Rather than the idea that you need to treat them on a monthly basis—and that, if you do not, you are not a caring owner—we need to move back to how it used to be, whereby you would go to the vet and treat them as you needed. That would go a long way to bringing down these concerning concentration levels to where they are not of such concern. More things might be needed on top of that, but that would be one obvious step—and it would also be a lot cheaper than trying to impose very costly technological solutions in wastewater treatment plants.
Professor Alistair Boxall: I have a list of five changes that I think are needed. I will list them in order.
The first is that we need a proper environmental risk assessment done on all flea treatments and wormers as part of the authorisation process. We should move them to phase 2 and we should test them for their safety. That testing needs to be done in a way that assesses organisms that are potentially sensitive to these molecules. That data should then be used to feed into the benefit-risk assessment. We should not authorise ingredients where the environmental risks outweigh the benefits that Guy has just talked about.
We should stop the prophylactic use of these molecules, and we should ban the advertising that happens at the moment. Almost daily, I get in my social media feed an advert trying to sell me a flea treatment. They are scaremongering.
For those that are approved, we need to develop environmental quality standards and have the monitoring programmes that test that those standards are being met. They need to focus on the media that these things are getting into.
We talked about treatment. If we see that there is a real health benefit for some of these molecules—and that they are needed even though they do pose a risk—there may be the need to mitigate them and the need for technological treatments.
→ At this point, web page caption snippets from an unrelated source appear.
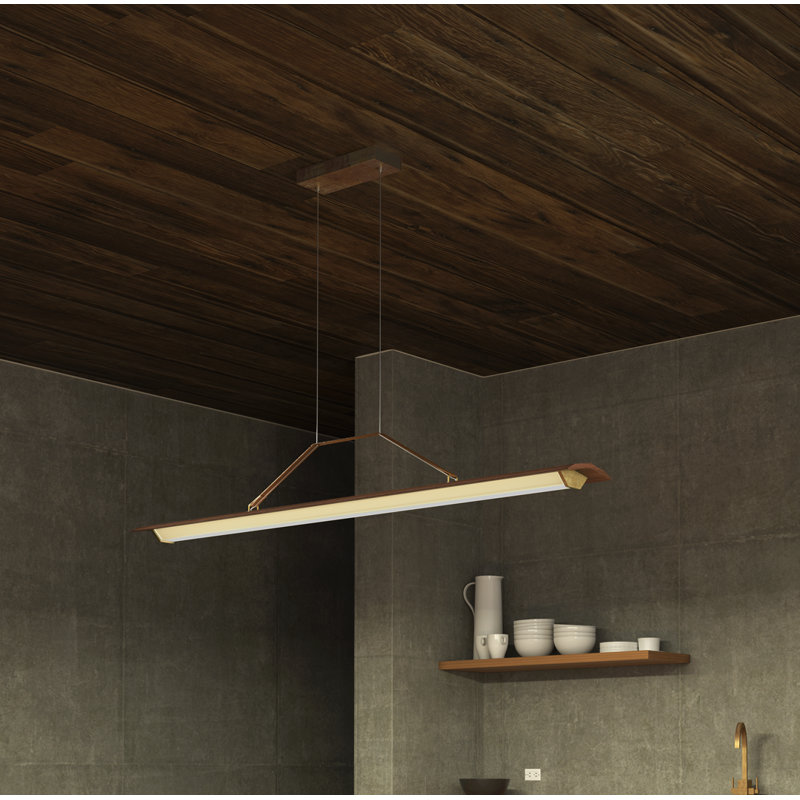 Penna Linear LED Pendant, 7.7" H x 64.5" W x 2.3" D, 2700K Warm White Bulb Temp, 277V, Brass/ Dark Walnut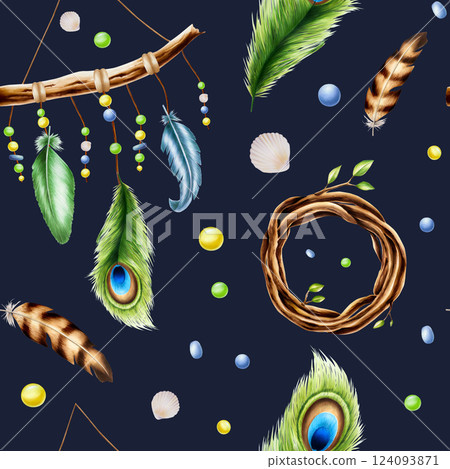 Seamless pattern with ethnic wooden dream catcher pendant, shells, wreath of twigs with spring leaves and peacock feather in watercolor style. Hand painted illustration, holder isolated on white 124093871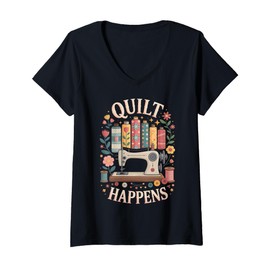 Womens Quilt Happens Quilter Funny Quilting V-Neck T-Shirt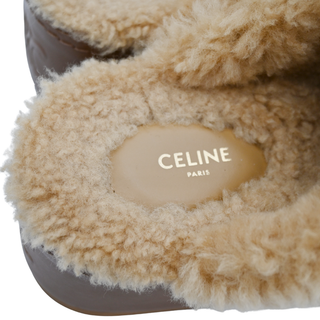 CELINE | Tan Suede Shearling Dana Mules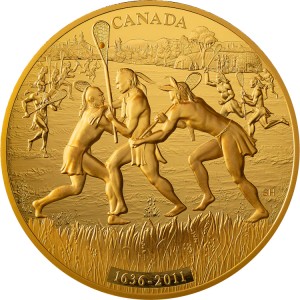 Реверс монеты Канада, 2500 долларов, 2011, 375 лет Лакроссу в Канаде
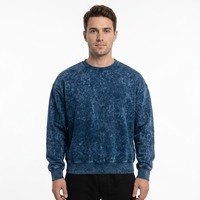 T-shirt à manches longues pour homme, coupe décontractée, col rond, poignets et ourlet côtelés, effet délavé, style streetwear, personnalisable OEM ODM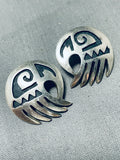 Important Amazing Vintage Native American Hopi Sterling Silver Earrings-Nativo Arts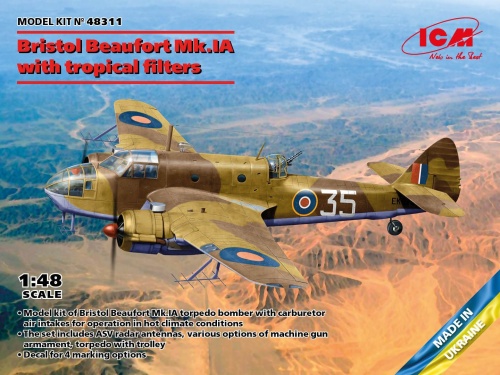 Bristol Beaufort Mk.IA with tropical filters 1:48 ICM 48311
The proposals that are happening in Europe at the moment, with updating the urban wastewater treatment directive, provide an ideal opening, because that has an extended producer responsibility approach. That has focused on pharmaceutical manufacturers and personal care manufacturers, where they will pay 80% of the costs of the treatment. We could add the pet medicine manufacturers to those sectors, and there would be a mechanism there to fund the treatment without the public having to pay.
Finally, we should be working to promote the development of safer alternatives and innovating by looking at things that are less toxic and harmful to the environment. Those are my five recommendations.
The Chair: Excellent. We are five minutes over time. This has been a really helpful session to committee members. I say thank you very much again to all three of our expert witnesses for their evidence today. With that, I bring the public session of this meeting to a close.